How Gralloc buffers are created and refcounted (non Mozilla-specific)

The android::GraphicBuffer class is refcounted and the underlying gralloc buffer is refcounted, too. It is meant to be used with Android Strong Pointers (android::sp). That's why you'll see a lot of

 android::sp<android::GraphicBuffer>.

That's the right way to hold on to a gralloc buffer in a given process. But since gralloc buffers are shared across multiple processes, and GraphicBuffer objects only exist in one process, a different type of object has to be actually shared and reference-counted across processes. That is the notion of a gralloc buffer, which is referenced by a file descriptor.

Think of the gralloc buffer as a file, and multiple file descriptors exist that refer to the same file. Just like what happens with normal files, the kernel keeps track of open file descriptors to it. To transfer a gralloc buffer across processes, you send a file descriptor over a socket using standard kernel functionality to do so.

So when a gralloc buffer is shared between two processes, each process has its own GraphicBuffer object with its own refcount; these are sharing the same underlying gralloc buffer (but have different filed descriptors opened for it). The sharing happens by calling GraphicBuffer::flatten to serialize and GraphicBuffer::unflatten to deserialize it. GraphicBuffer::unflatten will call mBufferMapper.registerBuffer to ensure that the underlying buffer handle is refcounted correctly.
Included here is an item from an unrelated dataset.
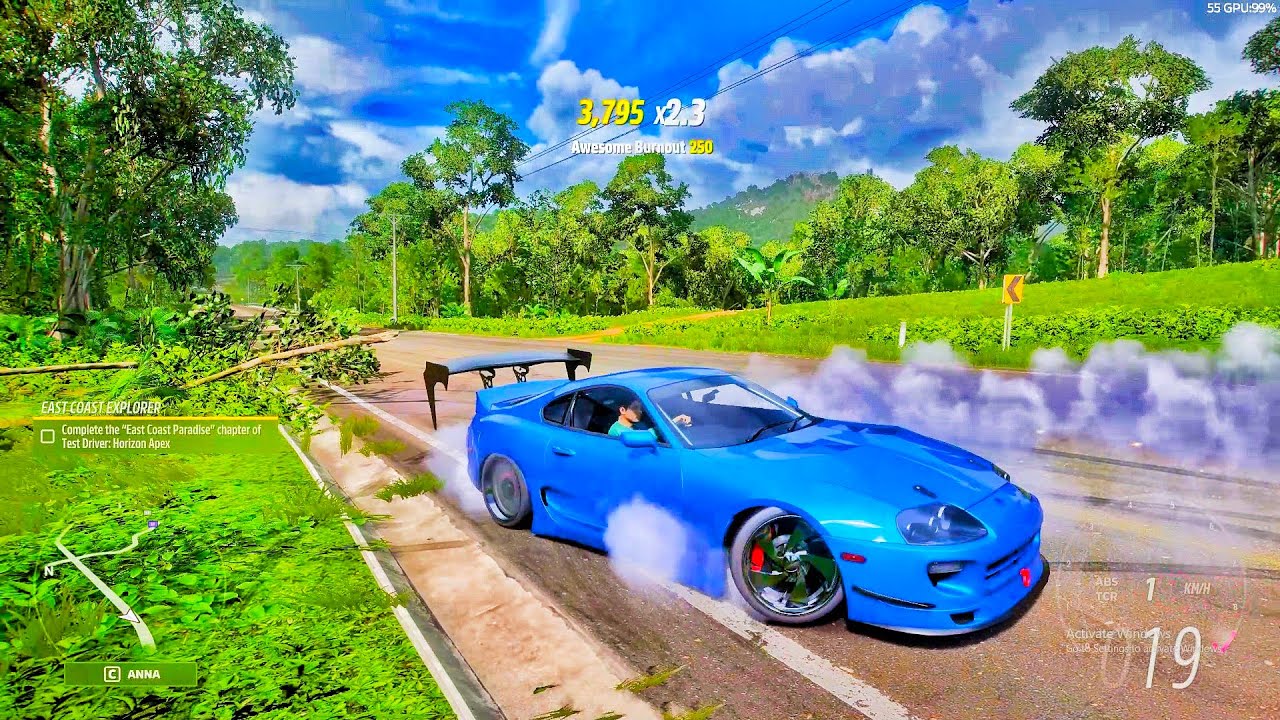 SUPRAAAAA Burnout in Forza horizon 5 || Full upgraded Supraaaa Car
When a GraphicBuffer's refcount goes to zero, the destructor will call free_handle which call mBufferMapper.unregisterBuffer, which will close the file descriptor, thus decrementing the refcount of the gralloc buffer.

The GraphicBuffer constructors take a "usage" bitfield. We should always pass HW_TEXTURE there, as we always want to use gralloc buffers as the backing surface of OpenGL textures. We also want to pass the right SW_READ_ and SW_WRITE_ flags.

The usage flag is a hint for performance optimization. When you use SW flags, it may just disable all possible optimizations there. Since CPU usually cache data into registers, when we want to lock the buffer for read/write, it have to maintain the cache for correct data. However, other hardware that can use GraphicBuffer on Android e.g. Codec, Camera, GPU do not cache data. It locks/unlocks the buffer in a faster fashion.

It definitely helps performance if we can use the usage flag correctly to describe our purpose about the buffer. In particular, if the SW_READ/SW_WRITE usage flags are set, the GL driver and others will make sure to flush the cache after any rendering operation so that the memory is ready for software reading or writing. Only specify the flags that you need.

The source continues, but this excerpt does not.